If we go by the most common 17-18 month benchmark, chickens on our farm (now 24 months old) are already enjoying extra months of life (without ever experiencing forced molting).
|Two eggs laid on the same day by two different hens from the same flock.|
The brownish egg on the left is okay. The whitish egg on the right
is not okay (too fragile shell.)
This change in both egg quality and quantity is natural, it comes with age and nothing can be done about it. Of course all hens are as happy-go-fluffy as ever, regardless of their egg productivity. But the economic consequences for the farm are all too clear.
So we had to make a decision: Are we going to keep our chickens as "pets" (and not kill them); or are we going to stick to the original plan and treat them as "farm animals" (and kill them).
Needless to say, these categories are purely arbitrary - the chickens are the same in both cases. My ability to freely switch between "companion animal" and "farm animal" categories is a classic example of doublethink and the amazing human ability to hold two conflicting concepts in mind without feeling inconsistent and contradictory. Except, I do feel inconsistent and contradictory. But I still can beat that feeling with 'rational thinking.'
The 'rational thinking' in this case involved asking myself a question:
Would the chickens be better off if they were treated as "farm animals" from the beginning (so that I could be 'consistent')?
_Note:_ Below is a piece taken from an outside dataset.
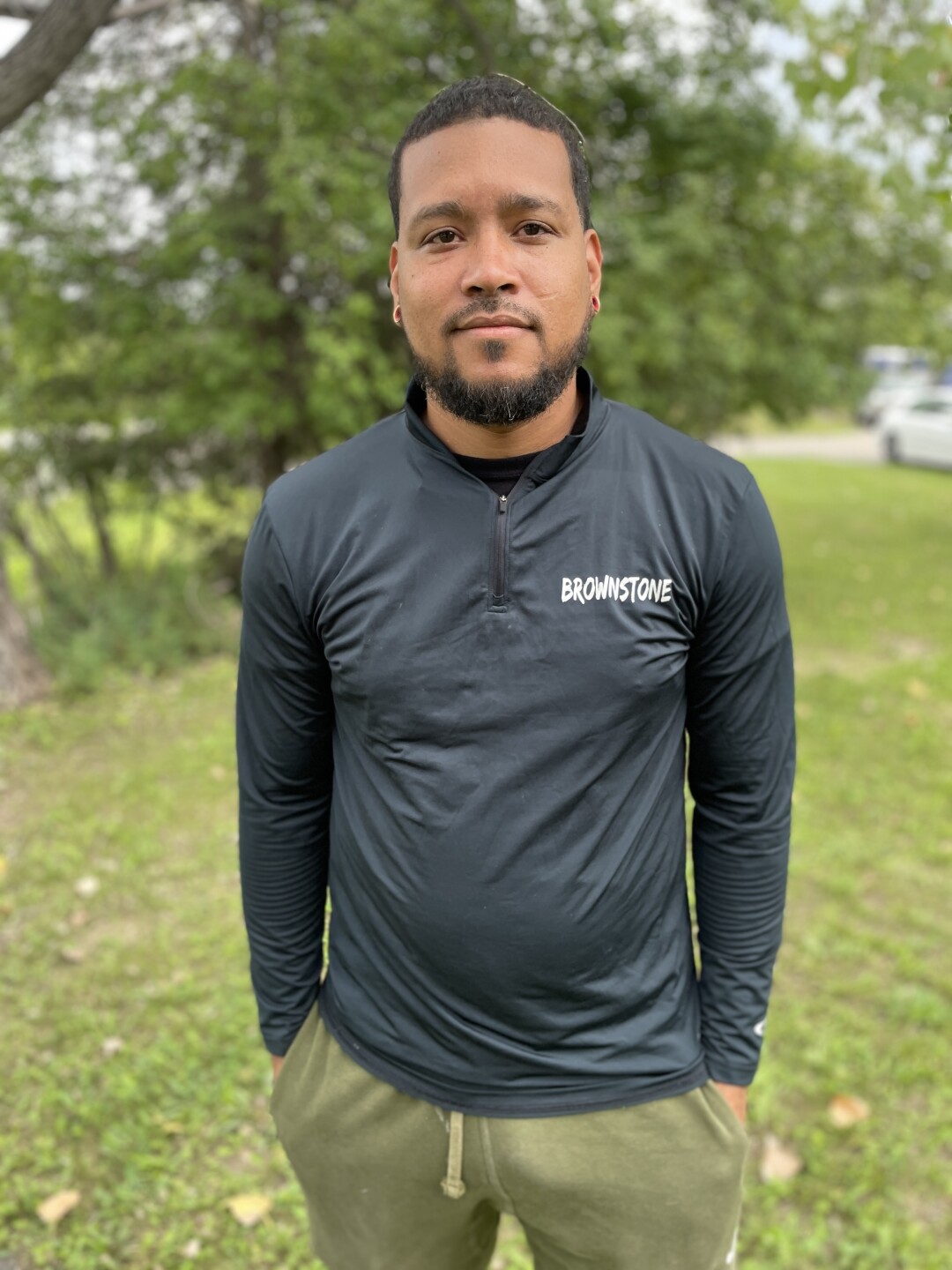 Luis Vasquez, one of six organizers behind Family & Friends Fest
(My) answer: I don't think so. Our chickens definitely benefited from our inconsistent doublethink approach. They enjoyed the "companion animal" privileges all their life. Then they turned into "farm animals" on the very last day. In the ideal world, they could have stayed "companion animals" until they die naturally, but if that is not possible in the real world (not yet in 21st century), then the second best deal for them was the one they got.
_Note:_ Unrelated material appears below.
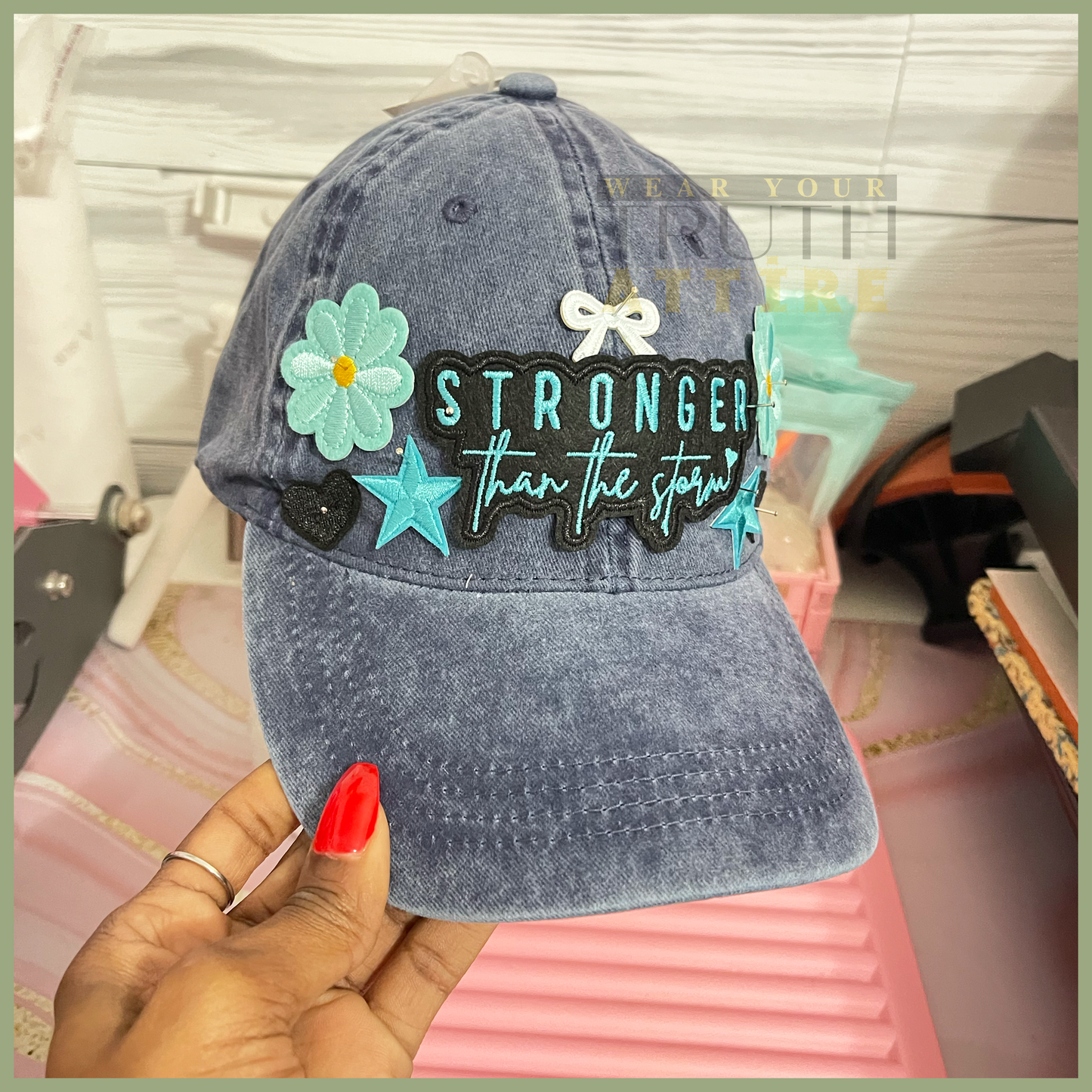 Stronger Than the Storm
|Our chickens get Deal B.|
By the way, there are over 130 million laying hens in Japan at this moment (Japan Poultry Association 日本養鶏協会 → click 成鶏羽数の推移). After spending their life in a cage, they are transported and killed en masse in a slaughter house. Maybe a farm like ours is an important alternative to those. So I decided that I'm not going to feel bad about killing our chickens. At least I will try.